In Review: Renfield

Review by Tim Robins

Renfield (2023)

Renfield is a new comedy-drama built around the relationship between Dracula (Nicholas Cage) and his long suffering familiar (played by Nicholas Hoult).

The somewhat incidental character of Renfield has made memorable appearances in adaptations of Bram Stoker’s vampire novel, notably Universal’s (1931) adaptation of a Dracula stage play, in which Renifield’s off screen laugh impactfully heralds the character’s arrival on stage/screen, and in the Francis Ford Coppola directed Bram Stoker’s Dracula (1992), where Tom Waits manages to steal every scene he is in with Renfield’s maniacal escalating cravings for flies, spiders, birds and kittens.

Nicholas Cage and Nicholas Hoult in Renfield (2023)
Nicholas Cage in Renfield (2023)

In Renfield, the Count’s ‘familiar’ has cured himself of his addiction to insects, although they bestow upon him superheroic powers that allow him to, for instance, rip a man’s arms off and use them as nunchucks. The incredibly gory violence is used throughout as a bathetic ‘jump laugh’ , undercutting Renfield’s desire to live a life of emotional sharing and pastel coloured jumpers.

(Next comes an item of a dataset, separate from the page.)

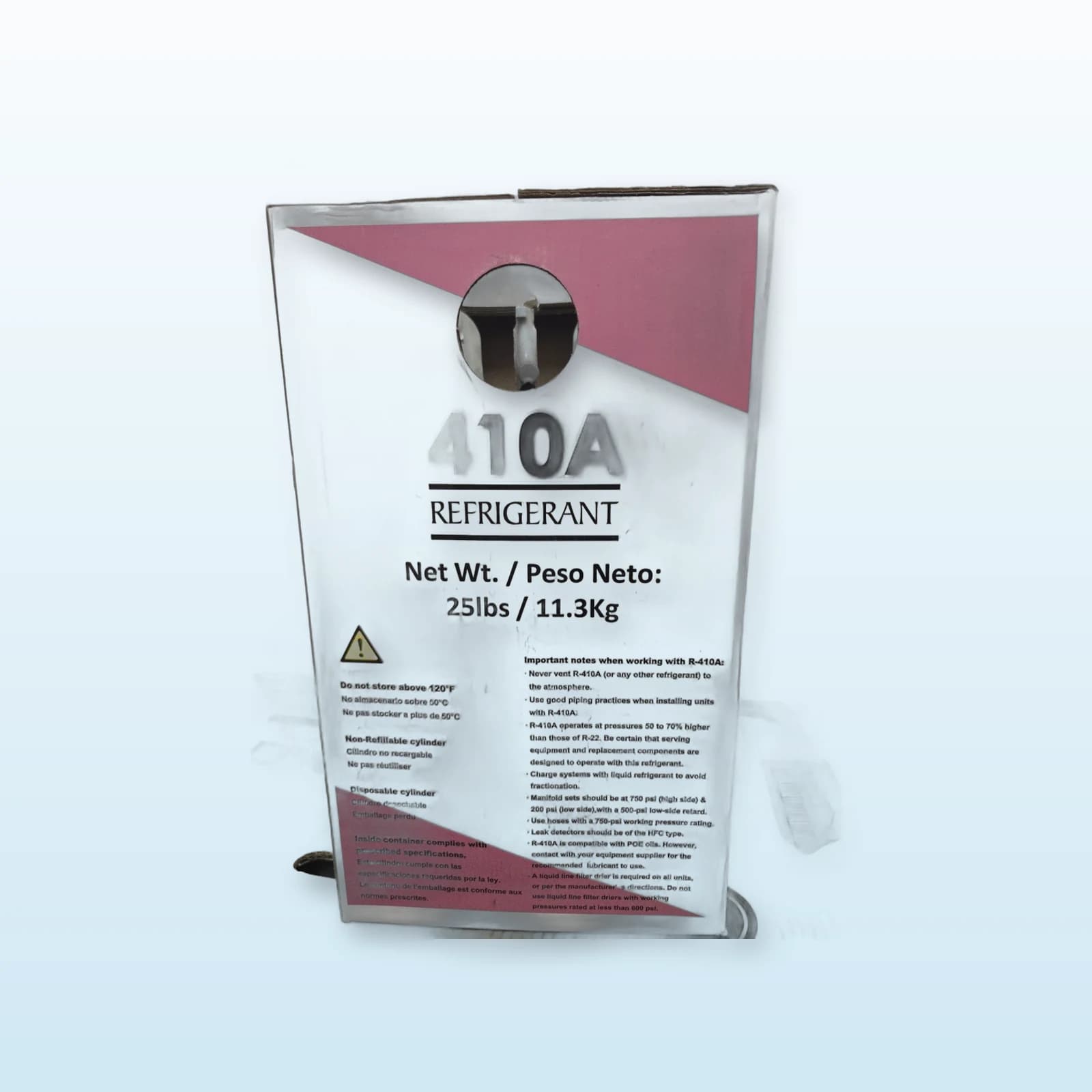 Válvula superior del cilindro desechable de gas refrigerante R-410A (410)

This lifestyle choice runs counter to Dracula’s need for victims who are pure at heart, such as nuns and cheerleaders – cue a venue with nuns and a busload of cheerleaders arriving outside. Added violence is provided by gangsters, led by Shohreh Aghdashloo as Bellafrancesca, her hyperactive eager-to- impress son, Teddy (Ben Schwarz, always good value) and a corrupt police department with Rebecca Quincy (Awkwafina) as the one good traffic cop and Renfield’s love interest.

As the titular Renfield, Nicholas Hoult is somewhat younger than the 59-year-old that Stoker’s novel suggests, and decidedly not a visitor to Count Dracula prior to the Count’s fateful encounter with solicitor Jonathan Harker.

Nicholas Cage proves an irresistible force outside the role of Dracula and a major reason for Renfield’s box office appeal. In Renfield, when Cage is not chewing up the scenery he is chowing down on the cast, including members of Renfield’s support group for people in abusive relationships.

Nicholas Cage in Renfield (2023)

Vampires have sometimes been used for comedy including Roman Polanski’s The Fearless Vampire Killer, or Pardon Me, Your Teeth are in My Neck (1967) and What We Do in the Shadows, both a film (2014) and, to date, four seasons of a TV series. In fact, Dracula himself has become passé, the character’s dignity having been stabbed through the heart in Buffy the Vampire Slayer (Season 5).

Renfield certainly explores the comedy potential of juxtaposing a touchy-feely character with an increasingly demanding and violent Dracula. Cage’s make-up, before and after he goes on a personal story arc to regenerate his burnt-to-a-crisp body, is remarkably reminiscent of Bela Lugosi’s Dracula. Cage is Cage, even when buried under burnt flesh. He doesn’t play the role for laughs. Personally, I find the actor funnier when he is playing sincere characters, rather than a raving maniac as here.

Renfield is funny enough, but the changes in tone were exhausting as I tried to work out whether or not I was supposed to take the characters seriously – not the kind of dilemma faced in such parodies as Naked Gun (1988) or Airplane! (1980). There’s also something amiss with the film’s pacing, while its continual use of the same kind of bathetic joke – cute, earnest set up, violent, shocking pay off – became tiresome. Other gags are tried and tested ways of provoking laughter. The characters continually express a distaste for ska music. This is OK, but I kept wondering, why ska? It’s not exactly a hot button music genre. It might have been funnier if everyone loved the currently prevalent use of autotune.

About half-way through the film my attention began to wander and I gave up. The on-going problem of Brighton’s Odeon not being able to properly dim the lights in Screen Six meant it was easier to see what the audience were eating two rows in front of me than see the actual light reflected by the film. But the real problem was that the generic gags failed to entertain me enough. I’d seen many of them before, minus the vampiric blood-letting.

I hate to say it, but I think Dracula has been done to death.